▸ Your assignment: Please copy out the entries until you have copied the line that contains "VT license plate ZTL727", beginning with the first line.

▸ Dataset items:
━━━━━━━━━━━━━━━━
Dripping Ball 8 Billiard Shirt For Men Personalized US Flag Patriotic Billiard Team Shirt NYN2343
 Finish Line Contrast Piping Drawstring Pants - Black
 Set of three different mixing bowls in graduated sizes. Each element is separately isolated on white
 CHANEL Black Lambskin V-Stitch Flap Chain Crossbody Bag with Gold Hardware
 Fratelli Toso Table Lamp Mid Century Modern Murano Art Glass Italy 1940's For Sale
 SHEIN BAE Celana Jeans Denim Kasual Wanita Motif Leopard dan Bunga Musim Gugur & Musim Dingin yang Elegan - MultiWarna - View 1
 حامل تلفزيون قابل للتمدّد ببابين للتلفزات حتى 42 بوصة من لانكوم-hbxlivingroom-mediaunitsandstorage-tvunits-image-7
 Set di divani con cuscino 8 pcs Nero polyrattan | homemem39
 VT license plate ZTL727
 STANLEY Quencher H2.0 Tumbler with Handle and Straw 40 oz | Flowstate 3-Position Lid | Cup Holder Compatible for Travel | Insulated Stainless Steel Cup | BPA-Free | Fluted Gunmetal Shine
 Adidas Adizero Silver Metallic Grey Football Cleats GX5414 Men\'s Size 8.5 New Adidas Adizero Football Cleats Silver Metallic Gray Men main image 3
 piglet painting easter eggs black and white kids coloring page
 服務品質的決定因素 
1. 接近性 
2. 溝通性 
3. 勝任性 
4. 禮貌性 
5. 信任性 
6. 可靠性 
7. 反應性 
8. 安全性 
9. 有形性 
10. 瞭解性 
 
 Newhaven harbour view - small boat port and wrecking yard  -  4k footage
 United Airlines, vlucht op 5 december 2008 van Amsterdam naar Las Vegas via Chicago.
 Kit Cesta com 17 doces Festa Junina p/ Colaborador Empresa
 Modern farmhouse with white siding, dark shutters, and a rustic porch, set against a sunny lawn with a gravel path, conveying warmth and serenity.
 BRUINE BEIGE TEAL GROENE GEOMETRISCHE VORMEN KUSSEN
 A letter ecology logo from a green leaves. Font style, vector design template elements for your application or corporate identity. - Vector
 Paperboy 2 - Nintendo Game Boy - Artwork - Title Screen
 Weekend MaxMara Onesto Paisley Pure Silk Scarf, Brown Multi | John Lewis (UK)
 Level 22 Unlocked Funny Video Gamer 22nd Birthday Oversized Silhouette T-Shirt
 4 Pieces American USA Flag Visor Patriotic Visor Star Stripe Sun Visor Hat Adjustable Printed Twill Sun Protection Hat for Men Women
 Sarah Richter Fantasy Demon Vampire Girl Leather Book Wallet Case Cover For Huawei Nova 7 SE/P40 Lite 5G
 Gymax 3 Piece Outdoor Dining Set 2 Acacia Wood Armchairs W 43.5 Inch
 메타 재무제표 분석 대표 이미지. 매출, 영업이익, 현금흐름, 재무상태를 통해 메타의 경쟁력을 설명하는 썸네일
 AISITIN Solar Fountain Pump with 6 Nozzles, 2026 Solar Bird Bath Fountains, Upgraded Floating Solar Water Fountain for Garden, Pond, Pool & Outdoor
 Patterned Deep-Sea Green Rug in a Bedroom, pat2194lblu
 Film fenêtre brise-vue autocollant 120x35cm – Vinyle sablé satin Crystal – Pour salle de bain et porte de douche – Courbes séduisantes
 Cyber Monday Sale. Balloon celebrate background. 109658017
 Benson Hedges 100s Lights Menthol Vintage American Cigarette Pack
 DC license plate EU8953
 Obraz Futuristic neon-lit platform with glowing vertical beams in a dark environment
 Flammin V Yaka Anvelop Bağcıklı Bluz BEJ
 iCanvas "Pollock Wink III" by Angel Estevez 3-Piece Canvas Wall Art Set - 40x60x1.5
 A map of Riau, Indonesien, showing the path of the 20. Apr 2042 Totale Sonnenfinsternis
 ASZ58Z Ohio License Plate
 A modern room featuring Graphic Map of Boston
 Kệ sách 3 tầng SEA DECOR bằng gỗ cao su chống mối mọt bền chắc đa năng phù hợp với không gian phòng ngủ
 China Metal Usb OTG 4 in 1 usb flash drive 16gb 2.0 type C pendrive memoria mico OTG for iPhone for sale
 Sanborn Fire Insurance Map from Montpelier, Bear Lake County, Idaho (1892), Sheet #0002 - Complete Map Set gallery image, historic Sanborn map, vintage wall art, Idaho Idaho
━━━━━━━━━━━━━━━━
▸ Solution to this exercise:
Dripping Ball 8 Billiard Shirt For Men Personalized US Flag Patriotic Billiard Team Shirt NYN2343
 Finish Line Contrast Piping Drawstring Pants - Black
 Set of three different mixing bowls in graduated sizes. Each element is separately isolated on white
 CHANEL Black Lambskin V-Stitch Flap Chain Crossbody Bag with Gold Hardware
 Fratelli Toso Table Lamp Mid Century Modern Murano Art Glass Italy 1940's For Sale
 SHEIN BAE Celana Jeans Denim Kasual Wanita Motif Leopard dan Bunga Musim Gugur & Musim Dingin yang Elegan - MultiWarna - View 1
 حامل تلفزيون قابل للتمدّد ببابين للتلفزات حتى 42 بوصة من لانكوم-hbxlivingroom-mediaunitsandstorage-tvunits-image-7
 Set di divani con cuscino 8 pcs Nero polyrattan | homemem39
 VT license plate ZTL727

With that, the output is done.